1. Attacker is a person in your life – friend/family/acquaintance – targeted you specifically. Attack may not be very sophisticated and maybe easy to defend against if basic hygiene is followed.

2. Attacker is a remote entity – people who you don't know personally – you were not targeted personally – but you became a target because you are part of a cohort they targeted – nothing personal. Attack of this form can be quite sophisticated.

3. Thief is a govt entity (foreign or domestic) – because you were targeted directly or because you are connected to someone who was targeted directly. More than technical mechanism there are legal mechanisms at play here.

#2 is a very big threat. A password manager service company is a very attractive target for them. Imagine the recent SolarWinds Orion supply chain attack being done by an underground cyber criminal group and being chained together to compromise your favorite password manager service stack.

2. Use a local password manager that saves to a file that you share using your own Nextcloud server.
I can’t wait until every single thing in our industry is a reference to Harry Potter, or Star Wars, or lord of the rings, or Dune
Double blind is the wrong term here. Multi-factor would be appropriate.
With a degree of complexity removed since the key doesn’t change over time.
Removed? Do you regularly change passwords?

I can see the point when using a password manager, though it's typically overkill, but please be aware that forcing memorized secrets to be changed arbitrarily (e.g. time-based) is recommended not to do in the updated guidelines from USA's NIST, UK's NCSC, Microsoft, and others based on research into what effect it has on password quality.

But the expectation is that something does change (the 2fa). If you use this system without a second factor then a hash breach screws you. And if you do have a second factor then this system achieves almost nothing.
This won't work very well if the site you're logging into uses bcrypt, and the value you store in your password manager is >= 72 characters.

https://paragonie.com/blog/2016/02/how-safely-store-password...

If a site is using bcrypt and it allows users to set passwords longer than 72 chars, the operator of the site is the problem not the use of a password manager + in-my-head-secret
Bcrypt is very common on the Internet, though.
Is there any reason why something like bitwarden couldn't prompt you with an in-browser prompt() dialog for your horcrux right before you enter your password and append it the one they auto-inject into the form?
I immediately thought of this. There’s no way I’m using this technique if it’s not automated at least a little
I do't really agree with the long passphrase thing.. I leave my passwords at 12 characters max (and 8 for less important sites)

Reason: You still have to type it sometimes. Like on a device you don't have the password manager on. That makes it really annoying. And because it's only used on one site it doesn't really matter how long it is. If a hacker gets hold of the password file they already own that site anyway. Doesn't really matter whether they can bruteforce the hash. It won't give them more access than they already have.

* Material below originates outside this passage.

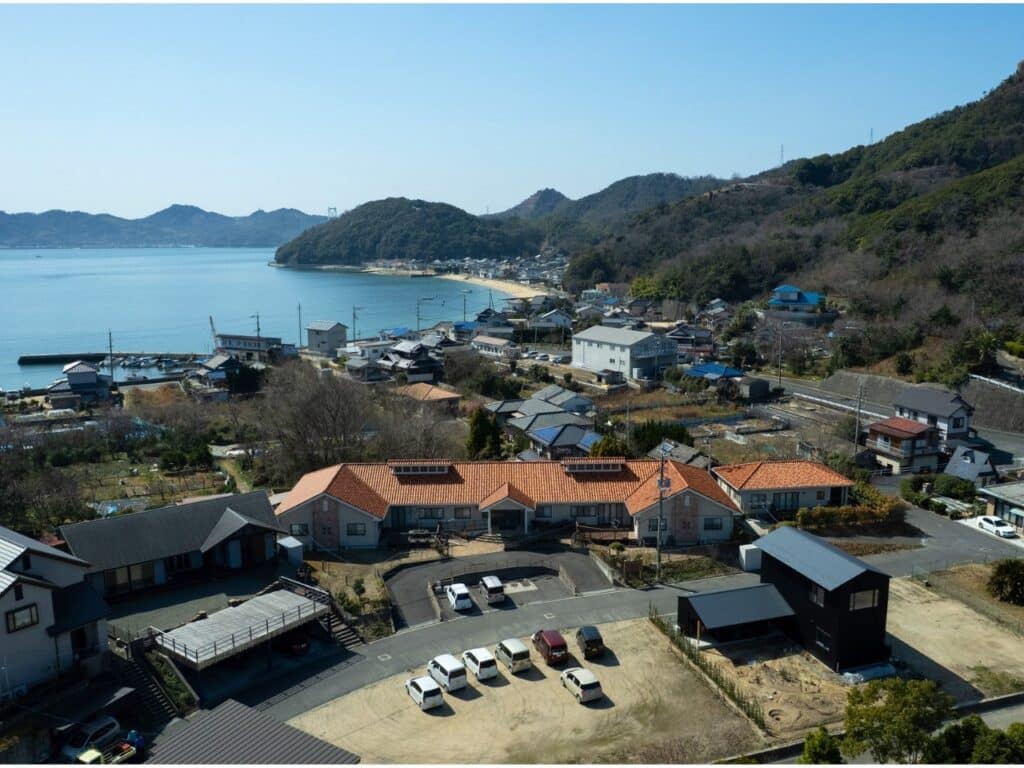 Aerial drone view of Onomichi House and its surrounding neighborhood, showing its proximity to the coastline of the Seto Inland Sea.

I do agree with the horcrux thing though.. Really important passwords I only store on paper and I already add a memorised thing to them. But be aware it's not perfect either. A compromised endpoint could have a keylogger installed. Totally passwordless with Fido2 for example would be even better.

> won't give him access to more then he already has.

That is very incorrect. A lot of hash leaks happen when an attacker can read data. but he can't necessarily edit it or even make sense of it. Also, the attacker usually does a quick download, then _sells_ the data. So, imagine your Twitter password was leaked. The original attacker a) likely doesn't have write access, and 2, is just going to sell the password hashes. The real worry is the buyer, who buys the hashes, to log in as you and do anything.

This is how youvebeenpwned works. He actually finds leaks of hashes on the dark web.

> Reason: You still have to type it sometimes. Like on a device you don't have the password manager on.

Assuming a standard typeable character set (letters upper/lower, numbers, symbols you can type on a standard US keyboard), you've got 92 characters. (Safe assumption given you're planning on typing this on all sorts of devices.)

Your randomized eight character password has 52 bits of entropy. Twelve characters takes it it to 78 bits. Not really enough if you're up against an offline attack.

Assuming you choose 5 random English words (which will probably take you about two seconds to type on something like a phone), you'll have a more secure password.

I agree typing on devices that don't have your password manager is annoying, but in my experience it _really_ doesn't come up that often. Yours is the exact reason I use 32 character passwords rather than the 64/128/etc some people I know use.

But 12 is.. short. The trade-off between the added security and the inconvenience makes it a pretty obvious choice for me. (And you're wrong--having a database dump full of password hashes does not "already owning that site" make.)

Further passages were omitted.